Now, I know many of you are reading this and thinking, “I don’t want the government knowing what I do. I want to fly under the radar.” For those who hold that view, I hate to break it to you, but you are not flying under the radar. Look at that tax bill that was due April 15 and ask yourself if you are flying under the radar. Look at EPA regulations and new requirements from the Department of Energy and ask yourself if you are flying under the radar. Have a visit from your friendly neighborhood OSHA inspector and ask yourself if you are flying under the radar. You’re not, and we should stop acting like we are.

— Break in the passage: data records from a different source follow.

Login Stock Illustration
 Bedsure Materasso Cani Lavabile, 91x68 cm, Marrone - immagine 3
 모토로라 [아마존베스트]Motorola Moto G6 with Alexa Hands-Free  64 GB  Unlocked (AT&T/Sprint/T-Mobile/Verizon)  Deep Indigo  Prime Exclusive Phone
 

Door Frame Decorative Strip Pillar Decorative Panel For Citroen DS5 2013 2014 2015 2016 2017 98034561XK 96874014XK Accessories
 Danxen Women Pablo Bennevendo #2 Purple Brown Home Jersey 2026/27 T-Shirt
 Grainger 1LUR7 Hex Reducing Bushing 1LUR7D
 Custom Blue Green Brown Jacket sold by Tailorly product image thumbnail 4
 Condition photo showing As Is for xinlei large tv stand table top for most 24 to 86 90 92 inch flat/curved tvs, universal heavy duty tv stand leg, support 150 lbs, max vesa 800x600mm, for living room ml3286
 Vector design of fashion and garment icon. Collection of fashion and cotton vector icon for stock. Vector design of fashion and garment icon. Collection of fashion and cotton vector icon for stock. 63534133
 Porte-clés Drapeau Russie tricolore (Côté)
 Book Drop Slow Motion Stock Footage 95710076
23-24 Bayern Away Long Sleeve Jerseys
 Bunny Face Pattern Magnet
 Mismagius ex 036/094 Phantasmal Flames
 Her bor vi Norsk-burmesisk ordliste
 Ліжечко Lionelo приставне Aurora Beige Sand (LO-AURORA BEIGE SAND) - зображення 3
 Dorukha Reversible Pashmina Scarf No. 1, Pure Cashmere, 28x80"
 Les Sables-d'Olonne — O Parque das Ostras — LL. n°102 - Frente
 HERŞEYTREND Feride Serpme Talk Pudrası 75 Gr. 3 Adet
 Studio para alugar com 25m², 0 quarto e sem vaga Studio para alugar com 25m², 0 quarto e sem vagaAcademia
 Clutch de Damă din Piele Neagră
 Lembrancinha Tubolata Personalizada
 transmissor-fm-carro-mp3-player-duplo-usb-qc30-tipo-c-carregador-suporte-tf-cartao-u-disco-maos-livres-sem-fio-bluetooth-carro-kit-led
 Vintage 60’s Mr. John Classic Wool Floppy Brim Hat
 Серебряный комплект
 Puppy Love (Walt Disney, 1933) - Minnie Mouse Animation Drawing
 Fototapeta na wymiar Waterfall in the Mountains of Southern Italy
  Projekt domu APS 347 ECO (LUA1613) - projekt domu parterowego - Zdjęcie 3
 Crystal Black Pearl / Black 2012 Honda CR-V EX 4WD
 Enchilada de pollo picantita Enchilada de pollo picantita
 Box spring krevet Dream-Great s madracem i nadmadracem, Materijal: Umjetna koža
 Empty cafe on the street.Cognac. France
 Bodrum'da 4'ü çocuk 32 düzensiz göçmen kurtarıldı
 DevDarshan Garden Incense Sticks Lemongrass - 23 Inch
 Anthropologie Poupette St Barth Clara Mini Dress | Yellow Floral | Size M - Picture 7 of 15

So let’s take a different path. With a HARDI member in every single congressional district and every state, we have an opportunity to engage all 535 members of Congress. Engagement can occur in a variety of ways, but for this column, I want to focus on a simple and effective act: inviting a member of Congress to visit your facility.

Every congressman and senator has a district office. These offices are located across the state and district, and the main purpose of the people who staff them is to keep the elected official connected with the people who they represent. You can very easily contact the office via email, phone or even by dropping in. All you need is to be prepared to talk about your business and if there is an issue of particular concern (for help with this, feel free to visit www. hardiadvocacy.org).

After making an initial contact with an office, you probably will talk first to a staff member. Don’t be insulted or feel that you’re being brushed aside: This is all part of the vetting process that any good office does. Invite the staff person to come for a visit and explain your business, what you do and what issues are impacting your business. This probably will pave the way for a member visit. In reality, treat the visit the same as you would if a potential customer was coming to visit, minus the promise of an incentive trip.

You may be saying to yourself, “Well, I don’t like my member of Congress.” That’s fine, too, but I’m sure you don’t like 100 percent of the people you do business with either and you still do it because it’s a necessary evil. You may disagree with an elected official on 95 percent of the issues, but there may be one time that you need action, and having a respectful relationship with your member of Congress can only be an asset.

If having a member visit is something that you would like to do, but you’re still a little hesitant, feel free to let me know, and I can help schedule and walk you through the do’s (make sure the office is clean, remove the pinup calendars from the warehouse, etc.) and the don’ts (not a good idea to try to pass a check to them during the visit, refrain from that go-to off-color joke that works so well at the counter).

 The most important thing to remember is that what we do is important. The people who work in our industry are important. We owe it to our industry to show our elected leaders first-hand the contribution we make to their communities and our country.